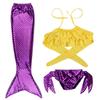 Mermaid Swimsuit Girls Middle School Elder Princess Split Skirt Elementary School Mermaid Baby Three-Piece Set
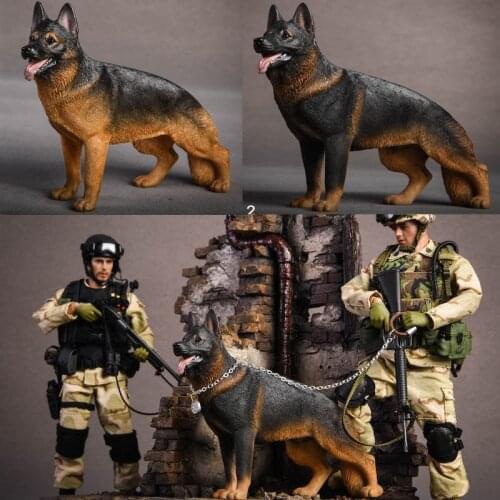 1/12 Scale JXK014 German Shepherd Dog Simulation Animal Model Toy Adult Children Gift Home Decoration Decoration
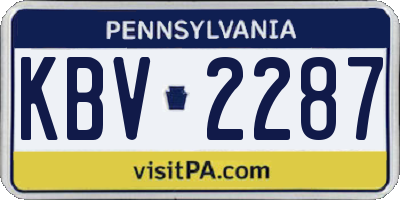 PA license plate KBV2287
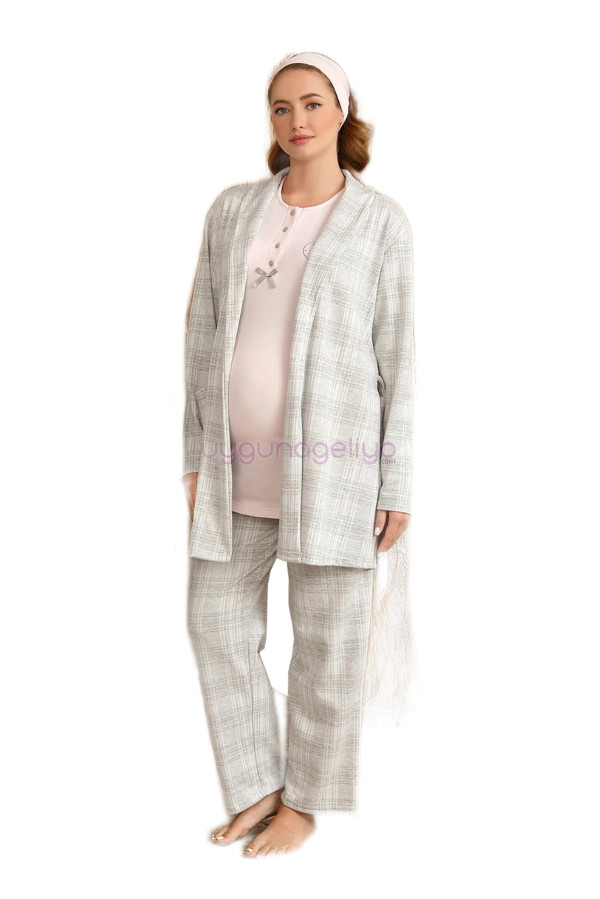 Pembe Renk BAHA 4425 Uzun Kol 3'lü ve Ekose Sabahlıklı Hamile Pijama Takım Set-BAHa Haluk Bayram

◇ ◇ ◇

As you output the material, omit the pictures but alter nothing else.

 Mermaid Swimsuit Girls Middle School Elder Princess Split Skirt Elementary School Mermaid Baby Three-Piece Set
 1/12 Scale JXK014 German Shepherd Dog Simulation Animal Model Toy Adult Children Gift Home Decoration Decoration
 PA license plate KBV2287
 Pembe Renk BAHA 4425 Uzun Kol 3'lü ve Ekose Sabahlıklı Hamile Pijama Takım Set-BAHa Haluk Bayram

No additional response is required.